有机发光二极管(Organic Light-Emitting Diode,OLED)显示器,也称为有机电致发光显示器,是一种新兴的平板显示装置,由于其具有制备工艺简单、成本低、功耗低、发光亮度高、工作温度适应范围广、体积轻薄、响应速度快,而且易于实现彩色显示和大屏幕显示、易于实现和集成电路驱动器相匹配、易于实现柔性显示等优点,因而具有广阔的应用前景。
OLED按照驱动方式可以分为无源矩阵型OLED(Passive Matrix OLED,PMOLED)和有源矩阵型OLED(Active Matrix OLED,AMOLED)两大类,即直接寻址和薄膜晶体管(TFT,Thin Film Transistor)矩阵寻址两类。其中,AMOLED具有呈阵列式排布的像素,属于主动显示类型,发光效能高,通常用作高清晰度的大尺寸显示装置。
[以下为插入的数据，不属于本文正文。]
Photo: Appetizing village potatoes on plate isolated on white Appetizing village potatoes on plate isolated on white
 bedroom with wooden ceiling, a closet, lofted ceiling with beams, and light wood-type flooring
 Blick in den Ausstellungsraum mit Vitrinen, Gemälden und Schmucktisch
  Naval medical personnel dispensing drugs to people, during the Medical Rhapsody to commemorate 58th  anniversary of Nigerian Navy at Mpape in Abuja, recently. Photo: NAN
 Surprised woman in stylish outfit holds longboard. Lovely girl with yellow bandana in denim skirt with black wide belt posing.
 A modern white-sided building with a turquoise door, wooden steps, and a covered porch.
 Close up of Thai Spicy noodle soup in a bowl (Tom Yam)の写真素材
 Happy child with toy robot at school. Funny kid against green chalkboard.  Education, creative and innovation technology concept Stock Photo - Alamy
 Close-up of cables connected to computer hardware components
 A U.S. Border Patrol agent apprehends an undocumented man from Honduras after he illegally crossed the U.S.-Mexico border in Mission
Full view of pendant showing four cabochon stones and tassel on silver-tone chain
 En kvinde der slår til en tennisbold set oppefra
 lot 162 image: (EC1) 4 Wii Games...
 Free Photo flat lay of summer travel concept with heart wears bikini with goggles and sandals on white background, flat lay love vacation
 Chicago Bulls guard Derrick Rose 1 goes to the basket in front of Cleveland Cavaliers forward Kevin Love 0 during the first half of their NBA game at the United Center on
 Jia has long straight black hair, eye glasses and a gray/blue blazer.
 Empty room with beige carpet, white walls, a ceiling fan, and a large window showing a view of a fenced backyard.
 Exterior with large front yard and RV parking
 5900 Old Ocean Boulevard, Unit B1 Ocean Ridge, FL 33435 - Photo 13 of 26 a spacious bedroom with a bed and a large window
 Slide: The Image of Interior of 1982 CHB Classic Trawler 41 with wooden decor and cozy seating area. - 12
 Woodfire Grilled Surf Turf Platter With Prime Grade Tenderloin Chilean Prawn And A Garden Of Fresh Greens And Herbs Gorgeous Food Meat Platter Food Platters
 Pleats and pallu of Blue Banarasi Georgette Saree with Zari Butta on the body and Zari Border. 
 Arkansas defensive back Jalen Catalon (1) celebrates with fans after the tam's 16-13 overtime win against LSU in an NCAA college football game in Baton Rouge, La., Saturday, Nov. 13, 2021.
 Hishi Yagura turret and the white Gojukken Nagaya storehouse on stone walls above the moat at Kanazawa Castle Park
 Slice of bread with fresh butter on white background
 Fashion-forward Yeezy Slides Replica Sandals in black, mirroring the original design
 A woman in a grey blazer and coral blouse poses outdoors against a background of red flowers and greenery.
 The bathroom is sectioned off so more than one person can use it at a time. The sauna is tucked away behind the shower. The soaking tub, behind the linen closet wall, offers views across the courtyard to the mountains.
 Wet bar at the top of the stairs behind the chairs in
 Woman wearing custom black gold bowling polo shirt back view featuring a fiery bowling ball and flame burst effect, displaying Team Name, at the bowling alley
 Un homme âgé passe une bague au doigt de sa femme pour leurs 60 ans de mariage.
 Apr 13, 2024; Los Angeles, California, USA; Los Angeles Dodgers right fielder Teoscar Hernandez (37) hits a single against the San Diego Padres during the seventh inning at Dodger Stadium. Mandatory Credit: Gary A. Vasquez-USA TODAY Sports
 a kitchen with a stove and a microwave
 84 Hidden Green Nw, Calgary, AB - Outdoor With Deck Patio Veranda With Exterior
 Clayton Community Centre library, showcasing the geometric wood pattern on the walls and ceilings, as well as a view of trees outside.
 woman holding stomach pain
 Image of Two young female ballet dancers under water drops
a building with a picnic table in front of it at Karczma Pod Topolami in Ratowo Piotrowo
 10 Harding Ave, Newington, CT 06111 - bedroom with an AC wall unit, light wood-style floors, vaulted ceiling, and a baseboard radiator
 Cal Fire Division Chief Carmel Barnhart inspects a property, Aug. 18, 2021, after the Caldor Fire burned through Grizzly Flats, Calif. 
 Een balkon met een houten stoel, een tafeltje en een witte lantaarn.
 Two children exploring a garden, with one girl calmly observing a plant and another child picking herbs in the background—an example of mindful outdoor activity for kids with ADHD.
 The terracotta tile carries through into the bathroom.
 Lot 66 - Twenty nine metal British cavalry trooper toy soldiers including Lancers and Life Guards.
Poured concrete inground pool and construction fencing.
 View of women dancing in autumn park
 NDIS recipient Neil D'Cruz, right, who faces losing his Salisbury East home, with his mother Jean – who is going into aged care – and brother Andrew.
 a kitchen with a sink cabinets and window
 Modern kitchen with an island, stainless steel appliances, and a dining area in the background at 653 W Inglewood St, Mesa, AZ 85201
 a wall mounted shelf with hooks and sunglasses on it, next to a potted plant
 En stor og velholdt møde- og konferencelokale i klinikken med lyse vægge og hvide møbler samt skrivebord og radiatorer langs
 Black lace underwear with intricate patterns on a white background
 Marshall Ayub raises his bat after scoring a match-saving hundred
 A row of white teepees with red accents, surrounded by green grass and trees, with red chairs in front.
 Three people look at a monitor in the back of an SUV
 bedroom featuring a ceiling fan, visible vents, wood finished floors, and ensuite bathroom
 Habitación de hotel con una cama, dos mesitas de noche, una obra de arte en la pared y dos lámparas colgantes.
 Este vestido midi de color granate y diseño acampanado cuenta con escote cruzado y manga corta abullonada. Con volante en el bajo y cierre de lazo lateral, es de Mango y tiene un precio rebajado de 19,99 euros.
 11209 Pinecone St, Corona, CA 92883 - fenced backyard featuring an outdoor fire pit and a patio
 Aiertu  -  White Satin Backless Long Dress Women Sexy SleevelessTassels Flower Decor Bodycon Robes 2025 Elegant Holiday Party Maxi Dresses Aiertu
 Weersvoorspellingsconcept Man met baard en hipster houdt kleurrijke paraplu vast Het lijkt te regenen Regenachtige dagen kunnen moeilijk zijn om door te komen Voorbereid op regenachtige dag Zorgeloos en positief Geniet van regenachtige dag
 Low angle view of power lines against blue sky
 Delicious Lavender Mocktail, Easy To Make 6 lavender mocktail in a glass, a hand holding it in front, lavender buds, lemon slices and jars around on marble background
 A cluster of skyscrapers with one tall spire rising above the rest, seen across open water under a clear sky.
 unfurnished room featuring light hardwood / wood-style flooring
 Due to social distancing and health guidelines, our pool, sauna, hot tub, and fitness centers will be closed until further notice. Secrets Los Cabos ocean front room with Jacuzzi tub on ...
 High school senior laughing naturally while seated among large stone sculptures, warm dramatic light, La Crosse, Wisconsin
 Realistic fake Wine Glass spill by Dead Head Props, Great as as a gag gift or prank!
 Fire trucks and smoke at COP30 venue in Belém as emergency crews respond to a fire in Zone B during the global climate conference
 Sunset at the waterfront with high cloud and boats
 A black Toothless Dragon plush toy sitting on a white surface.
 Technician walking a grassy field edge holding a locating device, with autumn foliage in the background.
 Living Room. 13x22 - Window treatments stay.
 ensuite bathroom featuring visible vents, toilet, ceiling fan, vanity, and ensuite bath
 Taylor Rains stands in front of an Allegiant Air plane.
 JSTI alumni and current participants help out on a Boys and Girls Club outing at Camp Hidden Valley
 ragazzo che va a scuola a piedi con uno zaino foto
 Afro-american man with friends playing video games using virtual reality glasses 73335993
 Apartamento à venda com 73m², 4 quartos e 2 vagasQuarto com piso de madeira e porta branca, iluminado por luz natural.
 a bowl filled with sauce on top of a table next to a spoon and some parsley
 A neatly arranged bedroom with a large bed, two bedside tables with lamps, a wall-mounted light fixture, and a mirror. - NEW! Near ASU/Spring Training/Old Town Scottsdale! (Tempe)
OLED通常包括:基板、设于基板上的阳极、设于阳极上的空穴注入层(Hole Inject Layer,HIL)、设于空穴注入层上的空穴传输层(Hole Transport Layer,HTL)、设于空穴传输层上的发光层、设于发光层上的电子传输层(Electron Transport Layer,ETL)、设于电子传输层上的电子注入层(Electron Inject Layer,EIL)、及设于电子注入层上的阴极。OLED显示器件的发光原理为半导体材料和有机发光材料在电场驱动下,通过载流子注入和复合导致发光。具体的,OLED显示器件通常采用ITO像素电极和金属电极分别作为器件的阳极和阴极,在一定电压驱动下,电子和空穴分别从阴极和阳极注入到电子传输层和空穴传输层,电子和空穴分别经过电子传输层和空穴传输层迁移到发光层,并在发光层中相遇,形成激子并使发光分子激发,后者经过辐射弛豫而发出可见光。
OLED与液晶显示面板(TFT-LCD)相比,最大的优势就是可制备大尺寸、超薄的柔性器件,但由于柔性基板易产生形变,在生产过程中难以操作,因此目前柔性器件的生产大大受到制约。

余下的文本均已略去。